Government Inching Toward Gender Balance
An unusual thing happened last week, at least unusual by Hungarian standards: a woman was admitted to the Cabinet, having been sworn in at one of the last sessions of parliament before the summer recess.
There is a definite hierarchy in government positions. At the top, obviously, sits the prime minister. This is true in all democracies, but perhaps especially so in Hungary. Viktor Orbán sets the tone for all that his government does. Generally speaking, the big three jobs after that are foreign affairs, finance and interior minister.
Judit Varga has not been given one of the most senior roles, but Minister of Justice is a position that is of particular importance to business people. (It is not by accident that the American Chamber of Commerce in Hungary has a strategic partnership with the ministry, under which it is invited to comment on upcoming legislation.) Whether you are the CEO of a multinational company, or an entrepreneur heading a local startup, hers is the ministry responsible for ensuring the legislative landscape is fair, open and transparent, that the rule of law is maintained and applied, that the courts function and justice is served.
The appointment of any woman to the government is to be welcomed. When the group photo of the then new cabinet was released in May 2018, many commented on the fact that there was just one woman in the official portrait with President János Áder; Minister Without Portfolio in Charge of State Assets Andrea Bártfai-Máger stood out in her green dress in a lineup of largely middle-aged white men in their dark business suits.
The appointment of Varga does not do much to increase the gender balance of the Hungarian government, but it is, at least, a step in the right direction; two role models are better than none. According to the World Bank, just 12.6% of Hungary’s MPs were women in 2018. Pathetic though that number may seem, it actually represents a highwater mark. The World Bank only records figures from June 1997, at which point it says 11.4% of seats were held by women. From 1998-2001, it bumbled along at 8.3%.
Varga is the 11th person to hold the position of Minister of Justice since the change in regime and the first democratically elected government was formed in 1990. There has only been one other woman, Ibolya Dávid (in post from 1998-2002), the then head of the MDF, the Hungarian Democratic Forum, one of the junior coalition parties in the of the first Orbán cabinet. Dávid was the only woman minister in government at the time.
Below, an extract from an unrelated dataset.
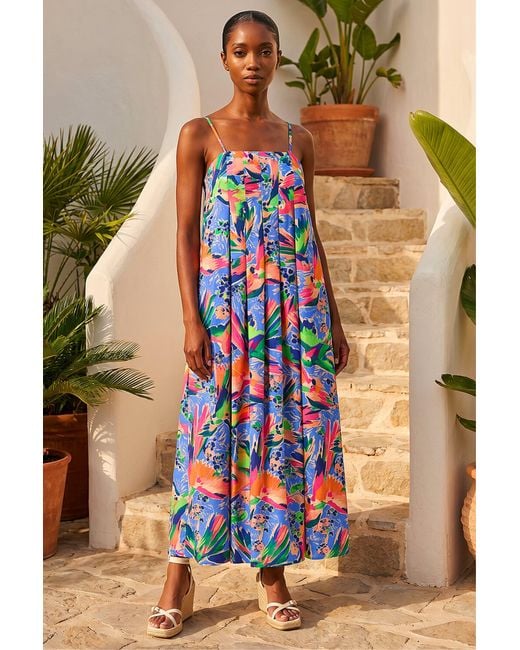 Roman Blue Petite Abstract Tropical Midi Dress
Varga may be a woman, but don’t expect any sea changes in policy. She was nominated by Orbán, and most recently handled European Union relations in his office (and with her appointment, EU affairs will now fall within the remit of the Ministry of Justice). Varga will represent continuity of policy from her predecessor, László Trócsányi, who is taking up a position as an MEP, and is Hungary’s candidate for European Commissioner.